Midfielder: Alex Iwobi (Arsenal, 20)
In his second season as a first-team squad member, he has been a regular first-choice selection for significant parts of this campaign. The Nigerian has a trick or two up his sleeve, as might somebody who is the nephew of Jay-Jay Okocha, and links play up well between midfield and attack. He has to take a creative backseat, with the likes of Mesut Ozil and Alexis Sanchez around, but manager Arsene Wenger clearly sees a lot in him.
Forward: Dele Alli (Tottenham, 20)
The problem Tottenham face with Alli is bottling up expectations in a player who at 20 already looks like the real deal. Two full seasons in the Football League with MK Dons undoubtedly strengthened him, but Spurs perhaps never thought they had signed a player of such attacking gifts. Initially thought of as a central midfielder, he now thrives in a free role off Harry Kane, offering an intimidating goal threat, as previously invincible Chelsea found out when he scored both goals in a 2-0 win a month ago.
Forward: Gabriel Jesus (Manchester City, 19)

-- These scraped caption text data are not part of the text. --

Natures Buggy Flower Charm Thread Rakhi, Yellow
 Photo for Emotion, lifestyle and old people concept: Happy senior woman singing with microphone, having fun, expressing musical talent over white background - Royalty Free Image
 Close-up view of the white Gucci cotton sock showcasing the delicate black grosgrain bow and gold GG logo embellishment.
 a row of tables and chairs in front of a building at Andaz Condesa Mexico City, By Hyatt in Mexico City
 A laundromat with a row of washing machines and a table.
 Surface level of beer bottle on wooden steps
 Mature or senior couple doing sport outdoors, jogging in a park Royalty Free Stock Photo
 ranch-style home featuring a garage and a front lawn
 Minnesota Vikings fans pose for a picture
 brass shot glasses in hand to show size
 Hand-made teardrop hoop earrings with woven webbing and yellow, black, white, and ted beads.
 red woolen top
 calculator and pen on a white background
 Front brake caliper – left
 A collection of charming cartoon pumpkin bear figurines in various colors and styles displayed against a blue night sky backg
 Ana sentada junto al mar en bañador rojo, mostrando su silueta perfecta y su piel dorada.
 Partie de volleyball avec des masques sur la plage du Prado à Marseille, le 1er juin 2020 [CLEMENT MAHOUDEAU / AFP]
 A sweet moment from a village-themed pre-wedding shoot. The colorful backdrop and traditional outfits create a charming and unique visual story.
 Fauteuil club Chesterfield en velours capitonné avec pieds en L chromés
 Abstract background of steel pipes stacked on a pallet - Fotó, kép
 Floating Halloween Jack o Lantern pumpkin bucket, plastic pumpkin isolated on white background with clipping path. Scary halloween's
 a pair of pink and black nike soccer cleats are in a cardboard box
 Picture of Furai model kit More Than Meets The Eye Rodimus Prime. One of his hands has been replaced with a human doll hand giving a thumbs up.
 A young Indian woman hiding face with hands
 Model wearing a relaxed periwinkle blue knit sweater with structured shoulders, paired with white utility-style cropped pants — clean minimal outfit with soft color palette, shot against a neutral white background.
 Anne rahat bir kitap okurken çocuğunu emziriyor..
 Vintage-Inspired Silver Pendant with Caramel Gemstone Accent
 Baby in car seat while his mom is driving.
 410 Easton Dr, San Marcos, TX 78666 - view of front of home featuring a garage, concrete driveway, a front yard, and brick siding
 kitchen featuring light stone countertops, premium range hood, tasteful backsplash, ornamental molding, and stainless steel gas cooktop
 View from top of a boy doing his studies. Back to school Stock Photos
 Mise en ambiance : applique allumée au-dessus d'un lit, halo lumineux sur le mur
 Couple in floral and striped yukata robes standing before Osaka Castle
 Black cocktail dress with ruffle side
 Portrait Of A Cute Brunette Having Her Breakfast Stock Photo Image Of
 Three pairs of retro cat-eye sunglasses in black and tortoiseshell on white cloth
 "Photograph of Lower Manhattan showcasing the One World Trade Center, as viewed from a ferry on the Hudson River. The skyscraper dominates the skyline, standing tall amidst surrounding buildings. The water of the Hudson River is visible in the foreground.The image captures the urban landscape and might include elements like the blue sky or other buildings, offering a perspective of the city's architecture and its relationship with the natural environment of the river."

Jesus has reminded big clubs that January can be a good time to add personnel. The Brazilian is galvanising City, finally playing the brand of attacking football that was expected from them when Guardiola pitched up at the Etihad. There are even smiles on the manager's face, though Sergio Aguero is not nearly so happy. Jesus was wanted by Europe's top clubs, and City had to wait until January to use him as he stayed on to finish the season with Palmeiras. Three goals in his past two games and incendiary attacking performances suggest the wait was worth it.